When I think about art, I do not always - or entirely - think about the object. I think instead about the artist in practice [which is not to say that craft or process or skill are of themselves art-forms].
An image that comes to mind this moment is of myself seated in a saloon in Lagos—waiting for my brows to get shaped with a razor. There is often—despite the woosh of the air conditioner—the moist of the humid afternoon, which means I am sweating, as is the make-up personnel. Typically, she would be close enough for me to feel her breathing on my face, or to see the slight tremor of her hands before she starts. I am used to my frown, used to getting coaxed to relax, but I can sometimes be as mistrustful of words as I am of a blade. It is, finally, the look in her eyes – that of acute attention—to which I surrender.
This is what I mean by the artist in practice—not so much a universal standard that academic critics tend to impose on things, but more of a particular and focused bent: a specific and subjective relationship that the maker has with the made-up thing. Sometimes I think of it as love, or commitment. But a word I prefer to use these days is seriousness.
What I am trying to say [though I suspect I am going about it poorly] is that beyond skill, vocational seriousness is an artistic impulse that reflects stylistically in the made or finished thing. What I am also trying to say is that artistic seriousness is not just beautiful or useful—it is also style.

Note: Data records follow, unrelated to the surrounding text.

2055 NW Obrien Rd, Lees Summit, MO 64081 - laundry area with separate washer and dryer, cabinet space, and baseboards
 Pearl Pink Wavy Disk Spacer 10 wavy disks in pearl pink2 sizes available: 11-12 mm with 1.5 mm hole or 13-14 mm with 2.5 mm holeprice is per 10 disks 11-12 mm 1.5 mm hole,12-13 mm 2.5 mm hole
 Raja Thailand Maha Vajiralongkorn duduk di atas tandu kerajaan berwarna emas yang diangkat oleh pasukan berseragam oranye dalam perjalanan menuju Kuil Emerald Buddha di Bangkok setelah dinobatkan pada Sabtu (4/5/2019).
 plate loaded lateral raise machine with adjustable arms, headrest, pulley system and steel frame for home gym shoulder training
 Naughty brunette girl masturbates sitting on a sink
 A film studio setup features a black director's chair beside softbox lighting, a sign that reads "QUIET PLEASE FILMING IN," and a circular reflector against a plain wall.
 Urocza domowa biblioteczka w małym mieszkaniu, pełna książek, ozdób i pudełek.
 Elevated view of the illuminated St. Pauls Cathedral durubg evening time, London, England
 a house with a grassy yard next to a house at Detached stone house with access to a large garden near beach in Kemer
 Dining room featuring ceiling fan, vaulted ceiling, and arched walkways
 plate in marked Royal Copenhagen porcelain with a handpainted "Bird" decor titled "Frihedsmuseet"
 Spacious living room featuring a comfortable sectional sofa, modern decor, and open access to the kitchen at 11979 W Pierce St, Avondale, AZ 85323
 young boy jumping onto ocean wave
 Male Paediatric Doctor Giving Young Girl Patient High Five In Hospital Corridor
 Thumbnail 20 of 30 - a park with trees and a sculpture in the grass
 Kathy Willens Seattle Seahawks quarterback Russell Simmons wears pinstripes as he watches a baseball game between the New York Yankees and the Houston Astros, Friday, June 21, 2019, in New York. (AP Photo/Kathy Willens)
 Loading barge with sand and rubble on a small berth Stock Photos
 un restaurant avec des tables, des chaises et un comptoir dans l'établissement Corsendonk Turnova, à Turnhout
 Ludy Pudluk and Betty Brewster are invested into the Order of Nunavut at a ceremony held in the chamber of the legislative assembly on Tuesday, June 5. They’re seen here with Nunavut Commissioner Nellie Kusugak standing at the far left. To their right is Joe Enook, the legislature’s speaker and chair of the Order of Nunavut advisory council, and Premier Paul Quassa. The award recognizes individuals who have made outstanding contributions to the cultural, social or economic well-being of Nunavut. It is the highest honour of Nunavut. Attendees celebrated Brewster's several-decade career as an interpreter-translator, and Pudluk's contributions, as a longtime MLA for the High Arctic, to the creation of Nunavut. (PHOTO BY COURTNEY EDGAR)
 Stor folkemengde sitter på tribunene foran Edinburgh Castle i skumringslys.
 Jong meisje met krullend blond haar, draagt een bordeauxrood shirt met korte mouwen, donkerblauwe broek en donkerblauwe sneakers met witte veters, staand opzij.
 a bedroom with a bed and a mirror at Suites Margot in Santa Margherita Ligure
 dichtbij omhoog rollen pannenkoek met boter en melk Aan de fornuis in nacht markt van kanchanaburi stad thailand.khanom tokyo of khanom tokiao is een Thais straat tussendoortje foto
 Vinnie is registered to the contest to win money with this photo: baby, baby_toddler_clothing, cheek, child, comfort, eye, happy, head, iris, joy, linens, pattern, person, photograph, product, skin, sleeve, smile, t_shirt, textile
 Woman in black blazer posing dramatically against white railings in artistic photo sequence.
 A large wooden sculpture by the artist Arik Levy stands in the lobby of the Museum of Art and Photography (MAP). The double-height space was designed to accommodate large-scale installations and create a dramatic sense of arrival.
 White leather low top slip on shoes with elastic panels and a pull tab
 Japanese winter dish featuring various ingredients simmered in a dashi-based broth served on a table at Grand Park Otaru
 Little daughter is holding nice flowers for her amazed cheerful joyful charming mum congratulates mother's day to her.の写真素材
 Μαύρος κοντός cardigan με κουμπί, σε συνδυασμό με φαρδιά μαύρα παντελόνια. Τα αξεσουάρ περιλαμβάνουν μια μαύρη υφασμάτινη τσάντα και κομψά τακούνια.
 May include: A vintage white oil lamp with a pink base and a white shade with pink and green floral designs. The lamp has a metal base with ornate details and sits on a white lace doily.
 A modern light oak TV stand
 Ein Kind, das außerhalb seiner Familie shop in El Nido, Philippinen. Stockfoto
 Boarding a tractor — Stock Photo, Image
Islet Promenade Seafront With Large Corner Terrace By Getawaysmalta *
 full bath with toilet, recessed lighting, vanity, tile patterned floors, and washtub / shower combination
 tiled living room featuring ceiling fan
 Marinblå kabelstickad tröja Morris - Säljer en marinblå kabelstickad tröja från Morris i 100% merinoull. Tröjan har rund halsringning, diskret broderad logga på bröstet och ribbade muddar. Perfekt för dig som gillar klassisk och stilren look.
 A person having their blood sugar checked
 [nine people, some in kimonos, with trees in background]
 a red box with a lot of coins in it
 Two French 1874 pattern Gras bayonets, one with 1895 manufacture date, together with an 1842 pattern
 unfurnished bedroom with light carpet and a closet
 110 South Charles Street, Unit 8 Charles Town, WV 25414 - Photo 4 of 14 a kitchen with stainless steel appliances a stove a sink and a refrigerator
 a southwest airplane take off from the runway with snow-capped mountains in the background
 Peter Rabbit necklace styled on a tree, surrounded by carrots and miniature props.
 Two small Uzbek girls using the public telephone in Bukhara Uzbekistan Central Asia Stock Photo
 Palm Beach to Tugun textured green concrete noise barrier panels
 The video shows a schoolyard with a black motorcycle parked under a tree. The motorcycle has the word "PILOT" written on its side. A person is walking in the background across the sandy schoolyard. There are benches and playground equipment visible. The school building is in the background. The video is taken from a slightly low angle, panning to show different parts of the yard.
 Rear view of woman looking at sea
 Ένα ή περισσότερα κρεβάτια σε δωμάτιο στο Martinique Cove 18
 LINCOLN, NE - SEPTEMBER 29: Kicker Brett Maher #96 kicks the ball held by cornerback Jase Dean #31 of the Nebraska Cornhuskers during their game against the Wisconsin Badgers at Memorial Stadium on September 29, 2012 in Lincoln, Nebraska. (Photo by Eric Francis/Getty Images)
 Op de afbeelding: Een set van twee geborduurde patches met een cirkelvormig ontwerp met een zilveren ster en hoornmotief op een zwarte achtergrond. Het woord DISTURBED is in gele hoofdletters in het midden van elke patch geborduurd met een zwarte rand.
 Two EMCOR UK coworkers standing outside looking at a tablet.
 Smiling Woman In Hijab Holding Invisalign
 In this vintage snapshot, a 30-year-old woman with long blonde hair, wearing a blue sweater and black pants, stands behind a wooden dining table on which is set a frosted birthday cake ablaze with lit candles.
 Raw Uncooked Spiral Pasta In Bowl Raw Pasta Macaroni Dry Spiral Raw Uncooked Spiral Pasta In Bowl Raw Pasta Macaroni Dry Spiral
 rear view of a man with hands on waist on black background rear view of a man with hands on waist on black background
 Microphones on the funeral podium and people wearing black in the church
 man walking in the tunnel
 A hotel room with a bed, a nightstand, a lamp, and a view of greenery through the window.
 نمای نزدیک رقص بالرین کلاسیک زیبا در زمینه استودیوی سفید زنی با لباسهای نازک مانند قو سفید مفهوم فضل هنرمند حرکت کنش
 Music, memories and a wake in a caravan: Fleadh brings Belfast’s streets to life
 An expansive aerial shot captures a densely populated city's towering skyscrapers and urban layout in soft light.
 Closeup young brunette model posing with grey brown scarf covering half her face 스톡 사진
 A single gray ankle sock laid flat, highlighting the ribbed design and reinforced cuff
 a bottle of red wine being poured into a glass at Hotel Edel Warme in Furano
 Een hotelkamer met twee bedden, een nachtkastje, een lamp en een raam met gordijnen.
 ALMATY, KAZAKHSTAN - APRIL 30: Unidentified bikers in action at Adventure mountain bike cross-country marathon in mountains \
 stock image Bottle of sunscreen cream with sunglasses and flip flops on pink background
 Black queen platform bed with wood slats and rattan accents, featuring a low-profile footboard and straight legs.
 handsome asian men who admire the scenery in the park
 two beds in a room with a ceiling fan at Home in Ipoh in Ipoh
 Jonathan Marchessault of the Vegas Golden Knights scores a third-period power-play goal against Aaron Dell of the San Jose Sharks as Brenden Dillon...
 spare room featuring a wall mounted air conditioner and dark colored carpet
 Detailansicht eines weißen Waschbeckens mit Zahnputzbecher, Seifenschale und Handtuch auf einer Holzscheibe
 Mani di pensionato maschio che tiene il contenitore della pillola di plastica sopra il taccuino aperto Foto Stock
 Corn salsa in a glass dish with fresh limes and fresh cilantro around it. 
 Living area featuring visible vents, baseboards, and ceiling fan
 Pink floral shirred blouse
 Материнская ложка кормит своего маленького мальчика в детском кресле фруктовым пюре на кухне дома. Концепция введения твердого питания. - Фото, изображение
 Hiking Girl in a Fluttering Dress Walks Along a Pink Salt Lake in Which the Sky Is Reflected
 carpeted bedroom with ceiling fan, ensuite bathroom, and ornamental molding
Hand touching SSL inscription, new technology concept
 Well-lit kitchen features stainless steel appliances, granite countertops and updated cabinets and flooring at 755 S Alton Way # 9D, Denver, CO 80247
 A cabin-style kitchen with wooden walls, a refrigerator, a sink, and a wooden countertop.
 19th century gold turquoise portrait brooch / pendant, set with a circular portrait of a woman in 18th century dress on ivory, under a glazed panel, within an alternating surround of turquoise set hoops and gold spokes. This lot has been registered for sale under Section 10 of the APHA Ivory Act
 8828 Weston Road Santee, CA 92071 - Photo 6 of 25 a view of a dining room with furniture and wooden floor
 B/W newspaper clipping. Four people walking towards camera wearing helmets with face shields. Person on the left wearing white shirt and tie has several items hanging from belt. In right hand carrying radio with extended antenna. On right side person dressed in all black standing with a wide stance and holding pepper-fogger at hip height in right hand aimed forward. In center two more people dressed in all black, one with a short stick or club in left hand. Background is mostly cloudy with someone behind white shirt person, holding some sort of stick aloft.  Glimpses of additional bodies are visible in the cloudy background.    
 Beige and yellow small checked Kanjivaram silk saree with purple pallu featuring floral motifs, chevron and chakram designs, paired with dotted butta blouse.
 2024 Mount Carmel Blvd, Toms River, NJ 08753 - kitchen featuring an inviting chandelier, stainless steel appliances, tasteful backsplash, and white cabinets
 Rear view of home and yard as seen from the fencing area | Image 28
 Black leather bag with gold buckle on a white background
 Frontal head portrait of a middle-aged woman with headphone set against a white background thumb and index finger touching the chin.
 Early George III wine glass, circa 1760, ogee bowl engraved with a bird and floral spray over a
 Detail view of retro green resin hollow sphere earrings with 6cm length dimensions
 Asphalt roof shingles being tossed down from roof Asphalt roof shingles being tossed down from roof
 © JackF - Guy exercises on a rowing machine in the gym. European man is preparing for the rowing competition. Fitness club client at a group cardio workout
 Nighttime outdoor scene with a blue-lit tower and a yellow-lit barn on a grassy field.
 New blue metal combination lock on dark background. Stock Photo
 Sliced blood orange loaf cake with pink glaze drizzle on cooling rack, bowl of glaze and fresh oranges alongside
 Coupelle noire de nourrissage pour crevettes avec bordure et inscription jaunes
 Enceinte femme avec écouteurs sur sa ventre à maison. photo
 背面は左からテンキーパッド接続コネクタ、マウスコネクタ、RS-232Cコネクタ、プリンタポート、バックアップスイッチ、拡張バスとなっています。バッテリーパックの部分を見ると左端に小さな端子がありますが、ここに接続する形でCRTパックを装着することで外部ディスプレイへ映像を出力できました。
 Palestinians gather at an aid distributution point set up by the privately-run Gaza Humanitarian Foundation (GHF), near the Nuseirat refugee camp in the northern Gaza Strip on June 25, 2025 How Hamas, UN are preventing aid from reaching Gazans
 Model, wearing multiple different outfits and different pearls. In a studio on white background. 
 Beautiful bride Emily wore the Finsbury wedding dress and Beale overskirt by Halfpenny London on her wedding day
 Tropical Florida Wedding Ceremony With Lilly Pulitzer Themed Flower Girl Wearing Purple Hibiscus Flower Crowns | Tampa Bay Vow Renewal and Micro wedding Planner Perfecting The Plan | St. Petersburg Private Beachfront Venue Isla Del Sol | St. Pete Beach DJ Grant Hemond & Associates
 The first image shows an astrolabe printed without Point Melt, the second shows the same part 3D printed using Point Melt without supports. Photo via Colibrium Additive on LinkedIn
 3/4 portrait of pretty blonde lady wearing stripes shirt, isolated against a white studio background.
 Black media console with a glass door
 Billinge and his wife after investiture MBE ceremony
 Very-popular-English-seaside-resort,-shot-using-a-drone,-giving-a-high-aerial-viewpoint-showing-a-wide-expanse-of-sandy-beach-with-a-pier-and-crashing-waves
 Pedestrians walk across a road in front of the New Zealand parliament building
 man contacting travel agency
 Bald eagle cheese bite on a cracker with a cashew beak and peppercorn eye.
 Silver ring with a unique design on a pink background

I have not always considered myself to be a serious writer. The phrase tends to evoke a kind of severity that feels foreign to my natural temperament. I also do not have many of the usual appendages that go with the writers I admire: a track record of published work, modest recognition within a literary community of peers, an admirable writing discipline. Then, there are other aspects of my own seriousness as a writer that tease me as I inch towards publication next year -
A few months ago, when someone asked me what my novel was about, I mumbled something under my breath, something vague and reductive about a character in my book. These kinds of questions—what I write, what my book is about—tend to come up quite often. In certain spaces they are as casual as a conversation about the weather, and in others, they feel like an invitation to express my position in the wider rubric of world literature. It is still a shock to me when critics are keen to hear about my fiction outside the registers of its plot or themes. But rather in its influences and direction - in its unmediated philosophies.
I like the way T.S Elliot explains this relationship between the “talent” and “tradition” when he says that “no poet, no artist of any art has his complete meaning alone. You must set him for contrast and comparison, among the dead.” When I think of Elliot’s ‘dead’ I do not just think about the cohort of privileged male white writers of which he was one—but dead in the sense of the immaterial terrain of logics and influences that come together to make a writing presence. Or, the social and psychological and spiritual and intellectual context that produce or influence the artist.
The artist needs to be sensible-attentive-receptive to this relationship with literary tradition, even if they are writing from outside that tradition, or writing within a tradition but with multiple external influences. This is the seriousness I am gesturing at. Though it is not so much about the tradition itself, but how the writer makes or unmakes those connections.
I, of course, rarely abide these thoughts. As a writer, I can be impatient, obnoxious, uncritical, and defensive—much like some writers I admire. But I also know quite keenly that talent and arrogance cannot make me, or any person a serious writer. Neither will prizes nor publication.
What matters—I think—is the intimacy the writer has with their work and the knowledge they have of the world and the social history in which their work will emerge. The writer must know their work in the context of the present as well as in the context of social, aesthetic and formal history.
One question I particularly despise is this: why do you write?
In my head I know all the answers I can offer—to make a difference, to feel less lonely, because I feel that writing is my calling, because I love to write? These answers may be correct or rehearsed for many. But they can also feel like market constructed sound bites. They do not explain the justification for writing a book—instead of say— an article or a tweet? Then there’s also the other question of late – why fiction? This more recent anxiety comes from my current preoccupation with ideas of fictionality as a dying genre. What is the point of mediating reality through make-belief when narrative permeates all genres—why is your novel not an essay, or a piece of criticism or a diary. Seriousness is not always craft. It is not always talent. And it is not necessarily rigor or discipline. The seriousness of writing—at least to me—is not always about having written.
I remember pitching my novel to literary agents and having to come up with comparable titles. I sat - stunned - in front of my computer: comparable in what context, what universe? Forms, identity, themes, or market reception? Yet the point—at least for the writer—is not in the answer, but in the dialogue. It is about finding your interlocutors, identifying patterns—taking an eccentric writing process and codifying it into form or craft or discourse. It is also about resisting these iterations, refusing to be named or nameable, to be classified, but only after you have thought about why you are resisting. Even the silence of the artist must be a critical act.
Finally, [is anything ever final?] … The other day I listened to a writer I much-admire tell a room full of critics that his writing process was to carry strands of the story mentally for months or years—then finally, to write the novel in a kind of electric rush —a process that lasts about two weeks.
As a writer, I understand this process. As a student and reader, I am mistrustful of it. As a critic, I am a sufficiently disappointed.